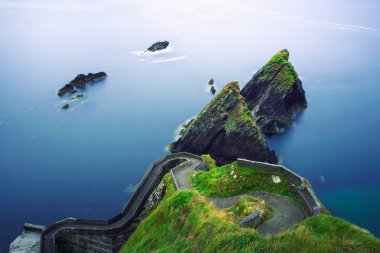 Irlanda 'da Dunquin Iskelesi 'ne giden merdiven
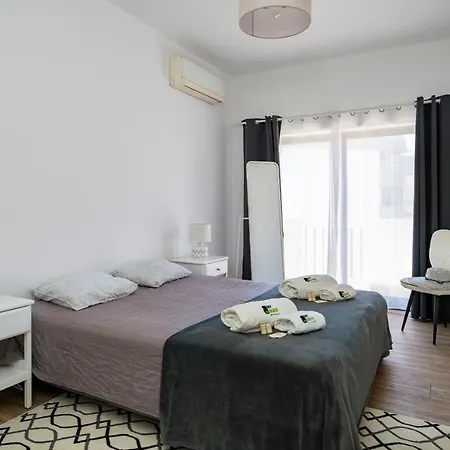 Portimao Central Apartment 波尔蒂芒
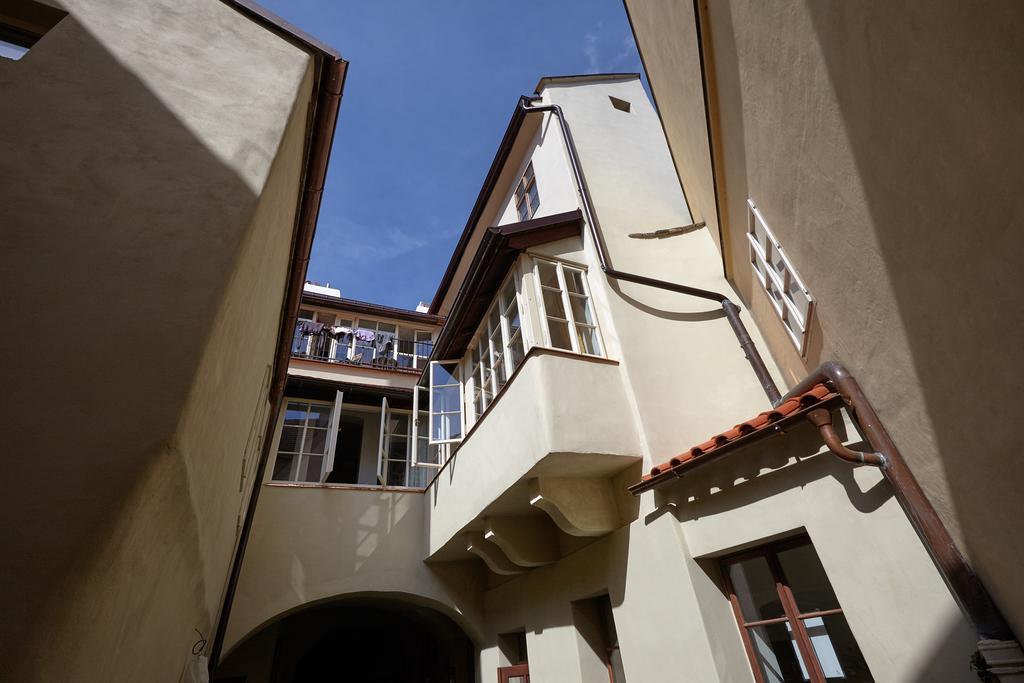 Queen Bee Apartments Prague Luaran gambar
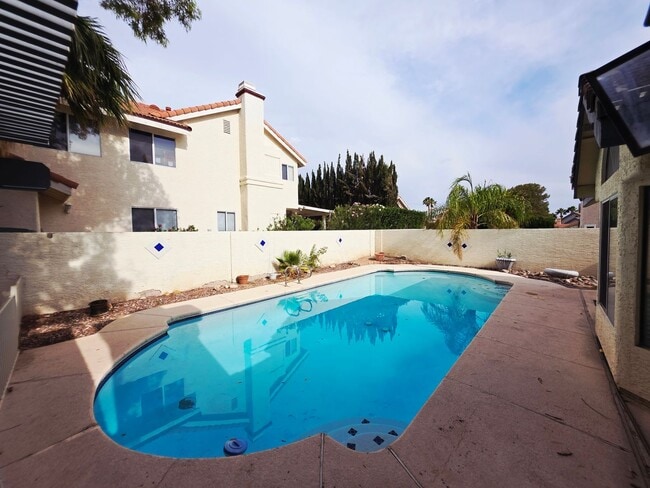 Building Photo - Single Story Home w/Pool in The Lakes!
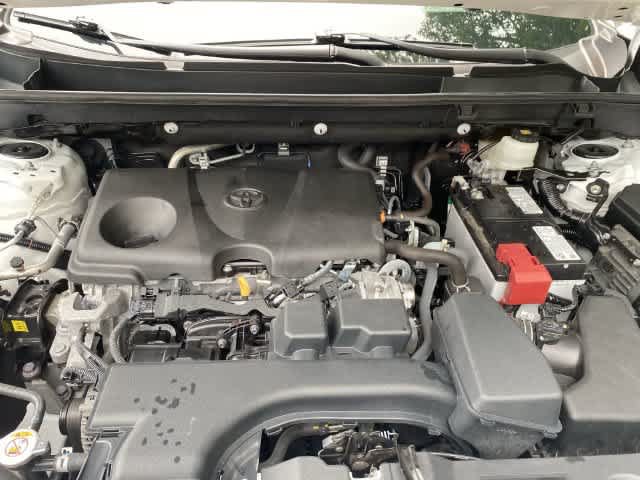 Certified 2025 Toyota RAV4 XLE AWD/4WD image 35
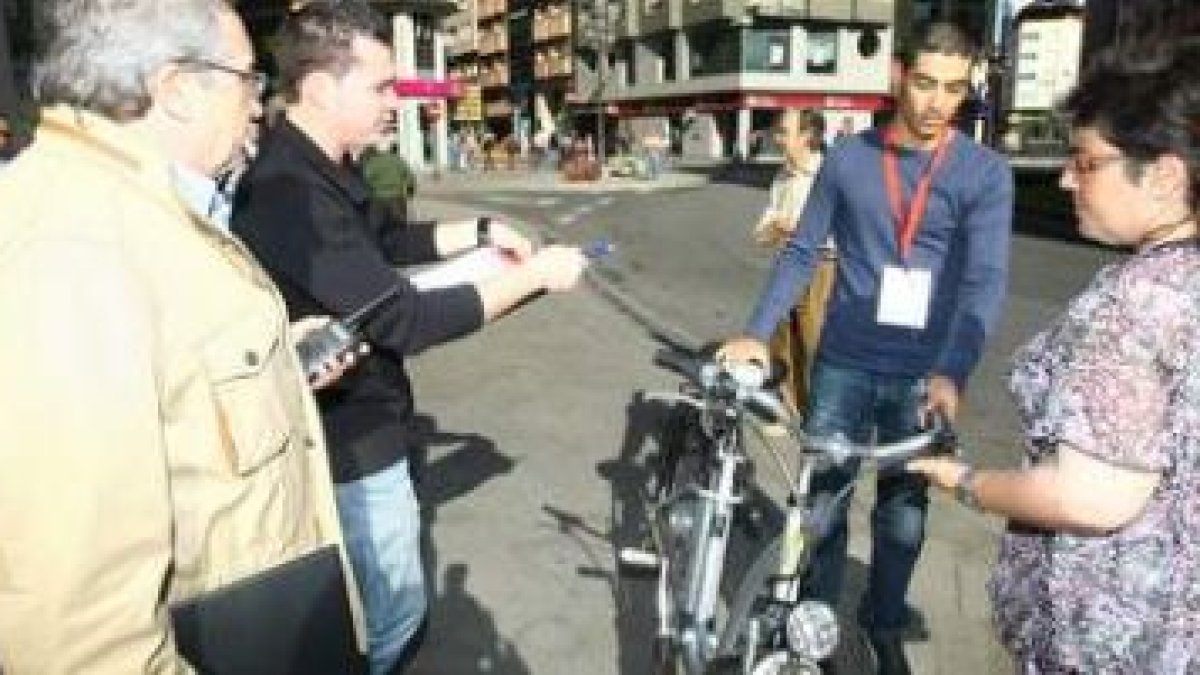 El ciclista ganador de la carrera de medios celebrada ayer en la plaza de Lazúrtegui por la Semana d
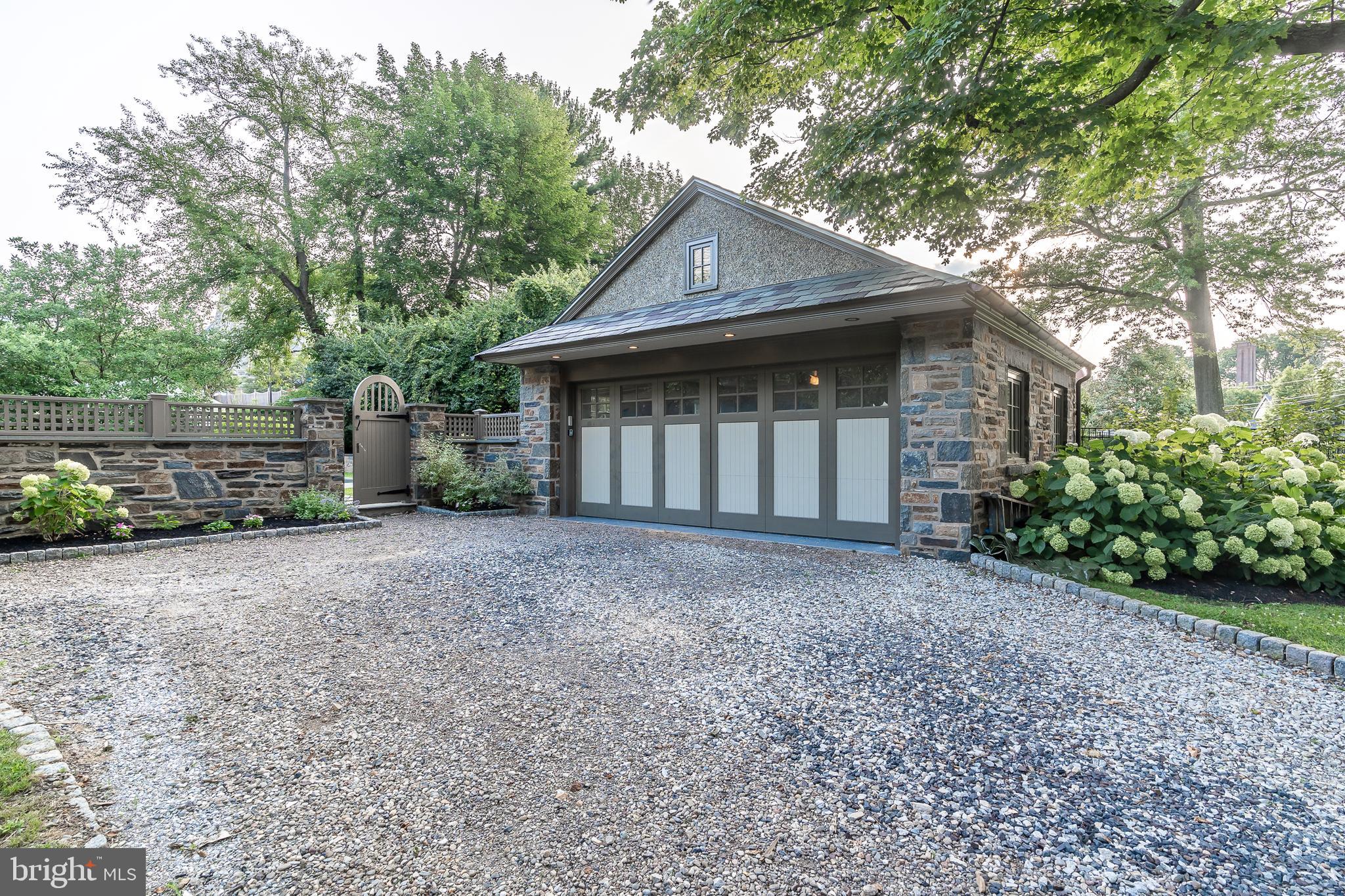 BRYN MAWR - Residential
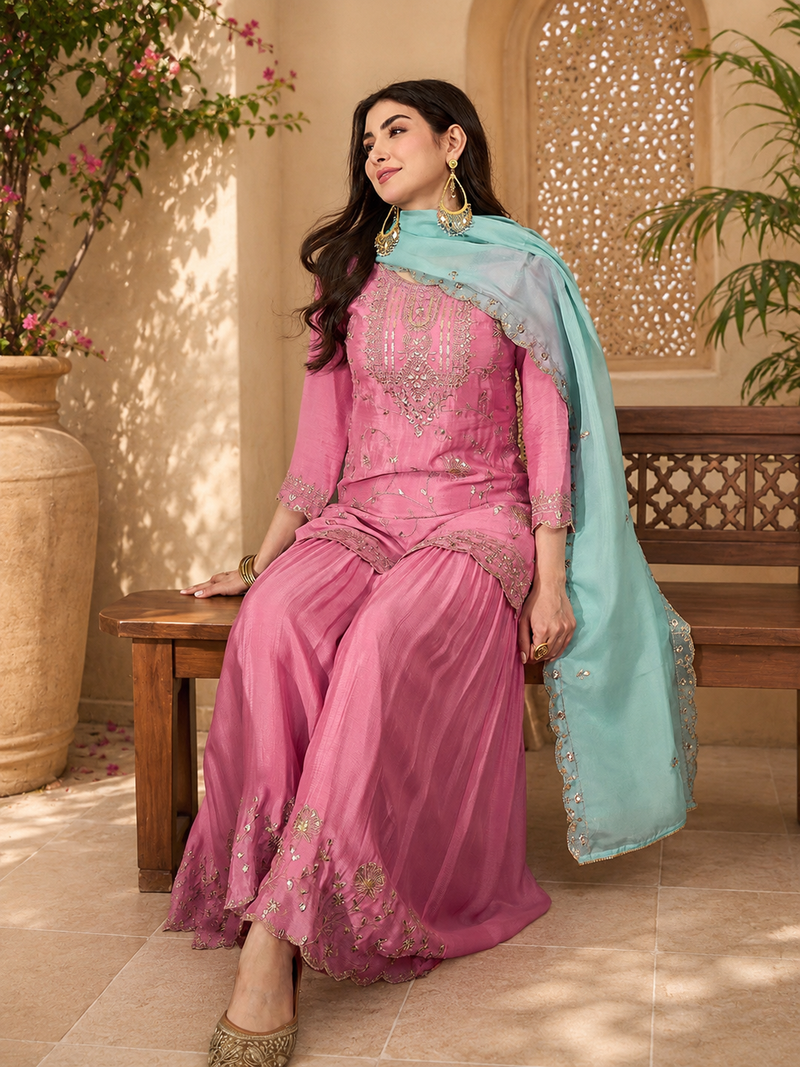 Women floral embroidered regular thread work kurta with trousers & with dupatta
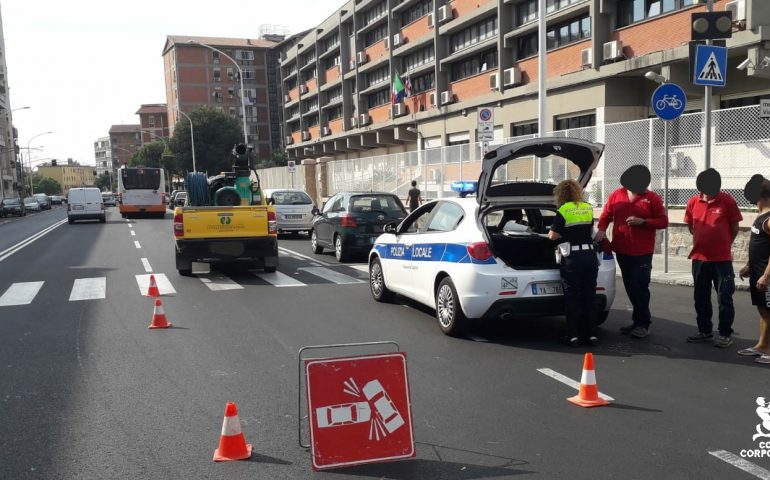 Cagliari, incidente in via Is Mirrionis: giovane investita sulle strisce pedonali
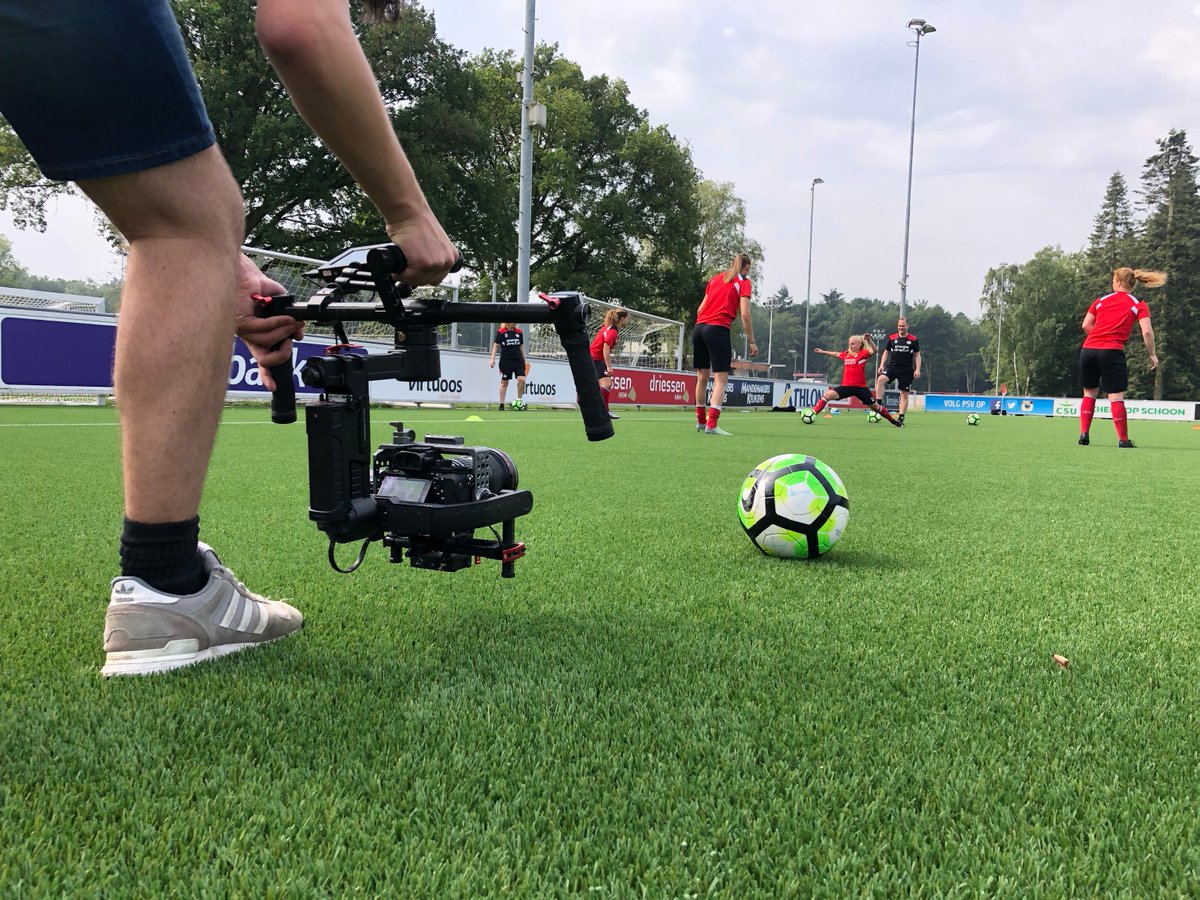 vmd_nl's tweet image. Gisteren waren we op de #Herdgang bij de vrouwen van @PSV, voor een innovatief concept in samenwerking met Happy Stories! #videomarketing #personalisedcontent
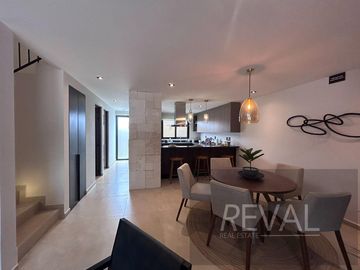 Casa a estrenar en Venta en Campanario Norte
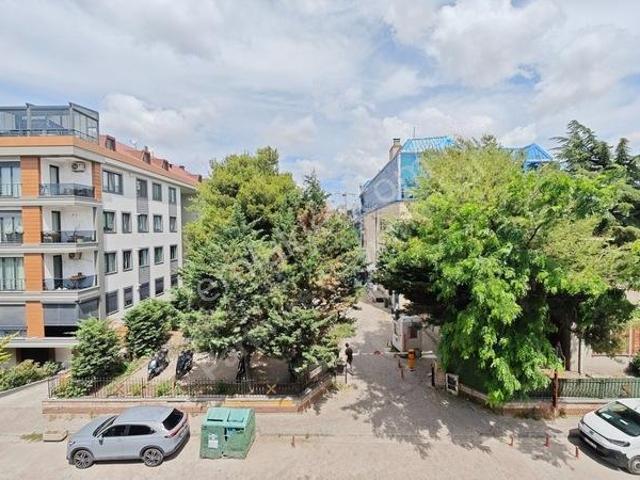 Bahçelievlerde 0 Binada 110 M2 3+1 Ebeveyn Banyolu Daire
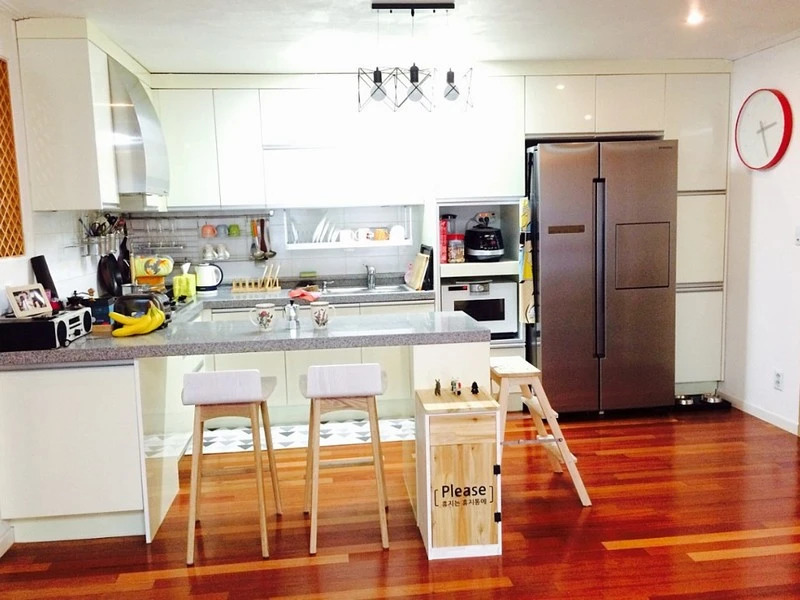Six Morning Guesthouse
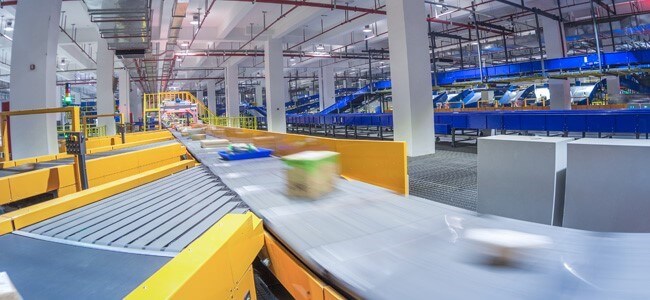 distribution industry conveyor belt
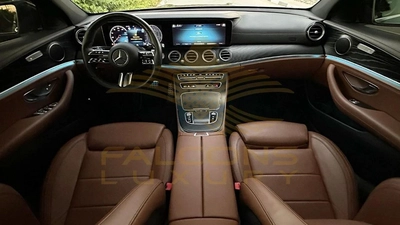 Mercedes-Benz E300 Premium 2.0L-8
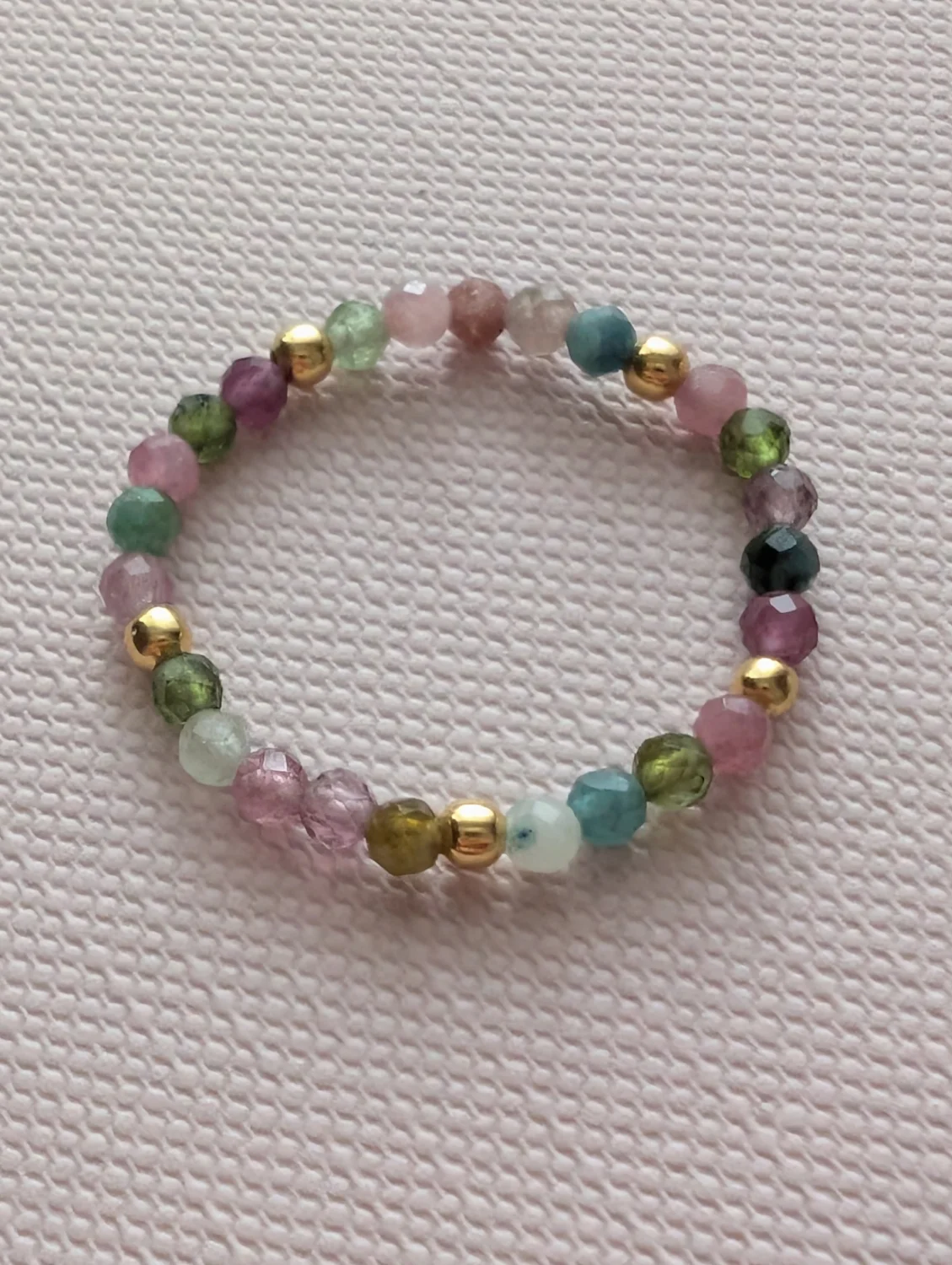 Pierścionek elastyczny z turmalinu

__________________________________________________

_EXERCISE DESCRIPTION_
The data above needs to be retyped exactly, with the images left out.

_EXERCISE SOLUTION_
 Irlanda 'da Dunquin Iskelesi 'ne giden merdiven
 Portimao Central Apartment 波尔蒂芒
 Queen Bee Apartments Prague Luaran gambar
 Building Photo - Single Story Home w/Pool in The Lakes!
 Certified 2025 Toyota RAV4 XLE AWD/4WD image 35
 El ciclista ganador de la carrera de medios celebrada ayer en la plaza de Lazúrtegui por la Semana d
 BRYN MAWR - Residential
 Women floral embroidered regular thread work kurta with trousers & with dupatta
 Cagliari, incidente in via Is Mirrionis: giovane investita sulle strisce pedonali
 vmd_nl's tweet image. Gisteren waren we op de #Herdgang bij de vrouwen van @PSV, voor een innovatief concept in samenwerking met Happy Stories! #videomarketing #personalisedcontent
 Casa a estrenar en Venta en Campanario Norte
 Bahçelievlerde 0 Binada 110 M2 3+1 Ebeveyn Banyolu Daire
Six Morning Guesthouse
 distribution industry conveyor belt
 Mercedes-Benz E300 Premium 2.0L-8
 Pierścionek elastyczny z turmalinu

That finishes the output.